Man muss ihn einfach erwähnen: Martín Hardoy. Ihm kommt sicherlich das Verdienst zu, solche Veranstaltungen überhaupt ermöglicht zu haben. Er hat als erster einen Markt erschlossen, den es vor ihm in Argentinien schlicht nicht gab!

Kein argentinischer Pferdezähmer käme von sich auf den Gedanken, seine Methoden preiszugeben und sich in die Karten schauen zu lassen. Insofern hat Martín auch ein Tabu gebrochen, als er mit seiner sogenannten rational-zweckmäßigen und gewaltfreien Pferdezähmung ("Doma Racional - y sin violencia") an die Öffentlichkeit ging.

Seine Methode ist ein Konglomerat aus Techniken verschiedenen Ursprungs: europäisch-klassischen sowie aus der Western- und der Gauchotradition. Er leistet Überzeugungsarbeit an der Basis und will allgemein übliche, aber unnötige Brutalitäten und Härten im Zähmungsgeschäft durch effektivere Techniken ersetzen helfen.

Aus dieser vermittelnden Position erklärt sich auch die Zwitterstellung von Hardoy und die Bemerkung des Berichterstatters im "GEOspecial Argentinien" vom Juni 1994, wo Martín erstmals in Deutschland als "Der Hexer" ("el brujo") vorgestellt wurde: "Sein 'gewaltloses Zureiten' begann gewaltsam".

Dazu das Foto eines Pferdes am Anbindepfosten ("palenque"), das es in sich hat! Traditionell ist dies lediglich der Auftakt einer ganzen Reihe weiterer, ziemlich unschöner Dinge: "domar" heißt für den Gaucho "Grenzen setzen" und der Gaucho setzt sie hart! Er vermittelt von Anfang an die Botschaft: Du kannst kämpfen, wie du willst, eine Chance hast du nicht!

Martín bevorzugt jedoch inzwischen auch, wo immer vorhanden, die viel praktischere Viehschleuse ("manga") für den Erstkontakt! (Siehe seine Präsentation unter www.martinhardoy.com.ar und das Kurzporträt auf den Seiten von » www.justacriollo.com)

Selbst unter gebildeten Argentiniern melden sich Stimmen zu Wort, die dem Verlust der riskanteren, traditionellen Zähmung eine Abschiedsträne nachzuweinen scheinen - kann sich doch ein Gaucho vor allem hier als wahrer Gaucho beweisen.
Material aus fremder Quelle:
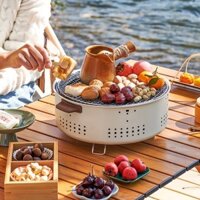 Bếp Nướng Than Hoa, Lò Nướng Thịt Không Khói Cao Cấp Chất Liệu Thép Chịu Nhiệt Có Chân Phụ Chắc Chắn An Toàn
Mariano Grondona, Hochschullehrer und politischer Journalist mit enormer Medienpräsenz in Argentinien, fügt sich mit seinem nostalgischen Rückblick auf die traditionelle Gauchokultur - eine Erinnerung, wie er als Junge einem Landmann ("paisano") namens Zunino bei einer traditionellen Zähmung auf offenem Land zusah - ins historisch Unvermeidliche: "Bevor die 'doma racional' die traditionelle (doma) gänzlich ersetzt, sehen wir sie uns nochmal an." ("Antes que la doma racional reemplace completamente a la tradicional mirémosla una vez más.")
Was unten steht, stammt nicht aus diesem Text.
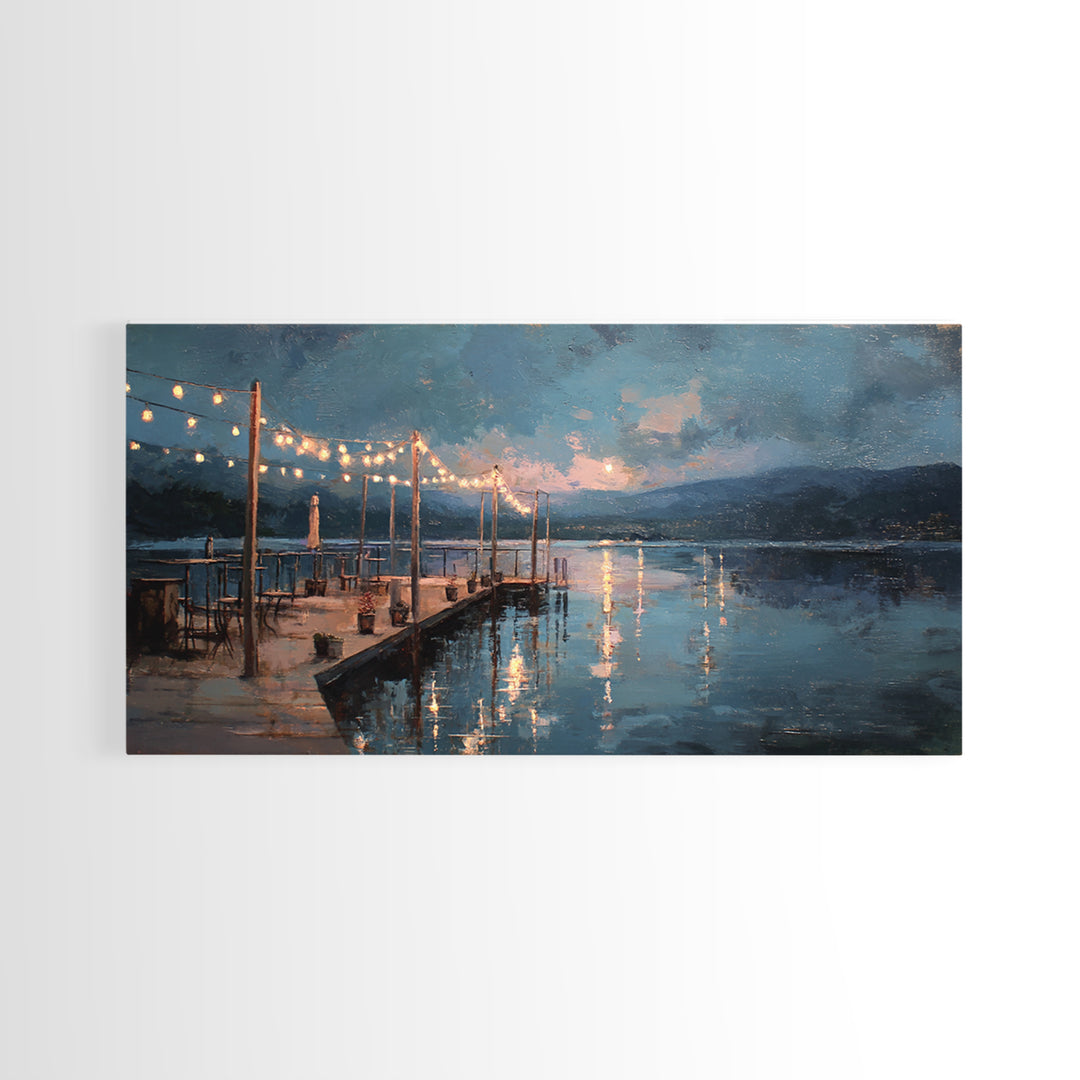 Moonlit Dock With String Lights Framed Canvas Print, Moody Lake Wall Art, Coastal Wall Decor, Rustic Cabin Home Decor, Office Decor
Statt ausgefeilter Methodologien ("procesos elaborados") seien dabei Geschicklichkeit ("destreza") und Mut ("coraje") angesagt! Da muss einer also schlicht seinen ganzen Mann stehen. (Erschienen unter der Überschrift: Recuerdos al lomo de un bagual in der Rubrik "Rincón gaucho" der LA NACIÓN; sábado 6 de enero 2001, sección 5, página 6.)

Die Frage musste also kommen: Auf der Präsentation im Juli hält ein Journalist Oscar sein Mikrofon hin: Wie er sein Verhältnis zu Martíns Vorgehensweise denn sehe.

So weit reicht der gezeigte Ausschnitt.